Heartburn At Night

Slideshow: Tips to Stop Heartburn at Night

There may be a lot to laugh about on late night television but when it comes to acid reflux and late night heartburn it is no laughing matter. Nothing bugs me more than waking up to find myself suffering from the pain and discomfort caused when my stomach acids flowing up into my esophagus. You may have the same problem or you would not be reading this article.

If you get a nasty bitter taste on your palette or your throat is burning and raspy and you feel you might want to puke you are probably suffering from late night heartburn. You are not alone it has been estimated that more than three quarters of the 60 million sufferers of heartburn experience night time acid reflux. It can keep you wake or wake you to a sit up position in a flash. Not only does this affect your sleep but it sticks with you all day as you become lethargic because of lack of sleep.

If you are one of the millions suffering from late nigh heartburn you can do something about it. Take a look at these few tips to help you to relieve the burning sensation that keeps you awake at night.
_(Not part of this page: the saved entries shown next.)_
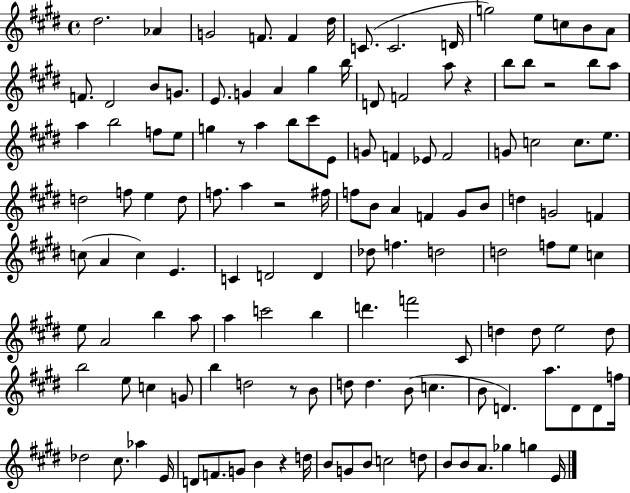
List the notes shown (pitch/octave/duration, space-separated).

D#5/h. Ab4/q G4/h F4/e. F4/q D#5/s C4/e. C4/h. D4/s G5/h E5/e C5/e B4/e A4/e F4/e. D#4/h B4/e G4/e. E4/e. G4/q A4/q G#5/q B5/s D4/e F4/h A5/e R/q B5/e B5/e R/h B5/e A5/e A5/q B5/h F5/e E5/e G5/q R/e A5/q B5/e C#6/e E4/e G4/e F4/q Eb4/e F4/h G4/e C5/h C5/e. E5/e. D5/h F5/e E5/q D5/e F5/e. A5/q R/h F#5/s F5/e B4/e A4/q F4/q G#4/e B4/e D5/q G4/h F4/q C5/e A4/q C5/q E4/q. C4/q D4/h D4/q Db5/e F5/q. D5/h D5/h F5/e E5/e C5/q E5/e A4/h B5/q A5/e A5/q C6/h B5/q D6/q. F6/h C#4/e D5/q D5/e E5/h D5/e B5/h E5/e C5/q G4/e B5/q D5/h R/e B4/e D5/e D5/q. B4/e C5/q. B4/e D4/q. A5/e. D4/e D4/e F5/s Db5/h C#5/e. Ab5/q E4/s D4/e F4/e. G4/e B4/q R/q D5/s B4/e G4/e B4/e C5/h D5/e B4/e B4/e A4/e. Gb5/q G5/q E4/s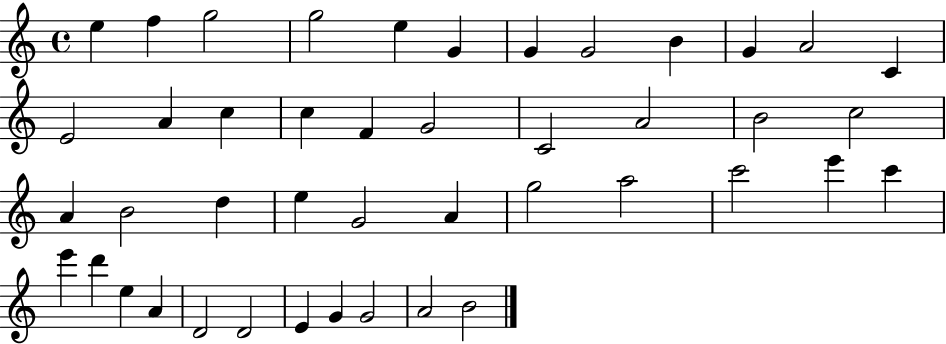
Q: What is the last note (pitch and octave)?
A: B4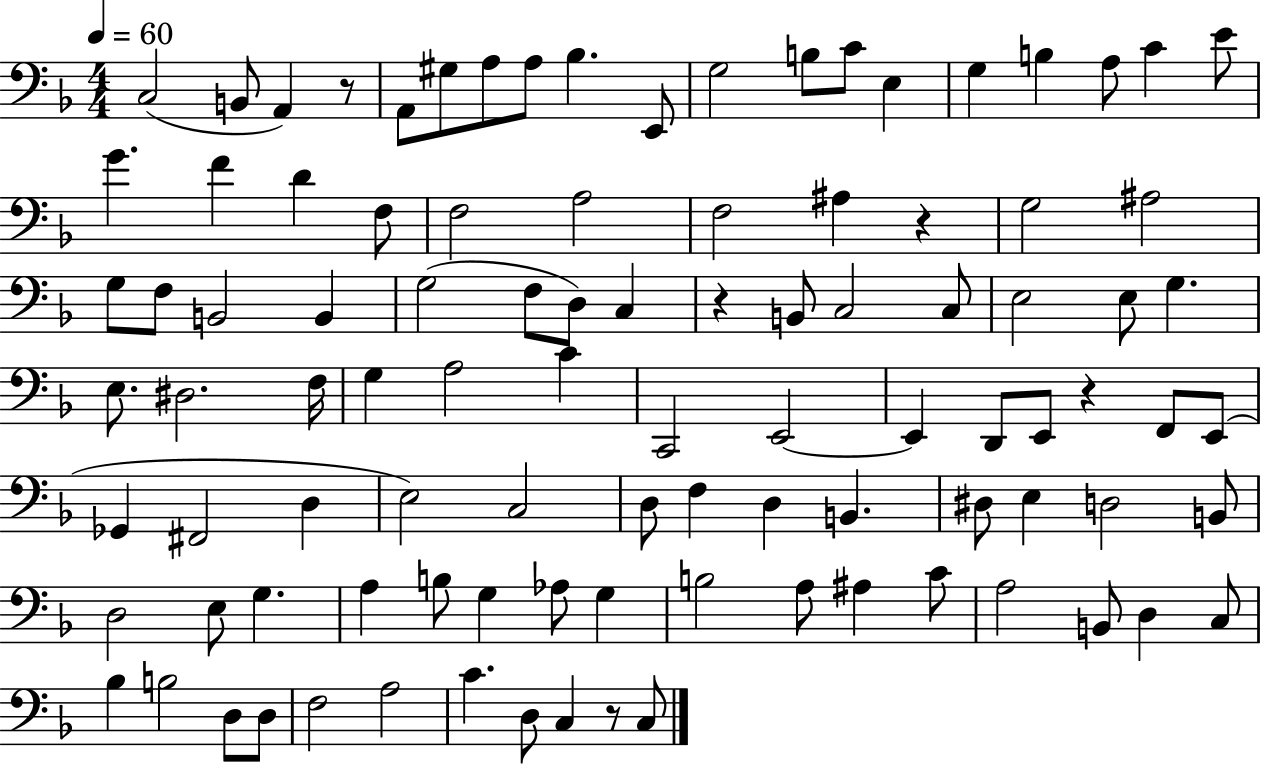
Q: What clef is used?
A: bass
1. Do not eat right up until you hit the pillow. With our all too busy lifestyles we tend to eat our last big meal of the day later and later. Then as we watch TV or sit around and talk with our families we have this snack or that snack and then we get up and go to bed. You really need to space your last meal or even snack at least two hours before bedtime as this will help prevent acid reflux by giving your stomach acids a chance to work on digesting the food intake before you lie down flat which allows the acid to flow into your esophagus.

2. You might also try to sleep with your head elevated a bit. I knew one guy who slept in his recliner chair for the first couple of hours before he got up and went to bed. Personally when I go to sleep I don't want to wake up and go to bed so I do number one on a regular basis.

3. Alcohol has a tendency to relax the sphincter muscle that resides between your stomach and esophagus. This muscle is what I call the check valve that is supposed to keep the acids from escaping up into the throat lining which is what causes the pain and discomfort of heartburn. This is another one of those pleas for you to back-off from drinking too much especially late at night and if you do not want to suffer form late night heartburn.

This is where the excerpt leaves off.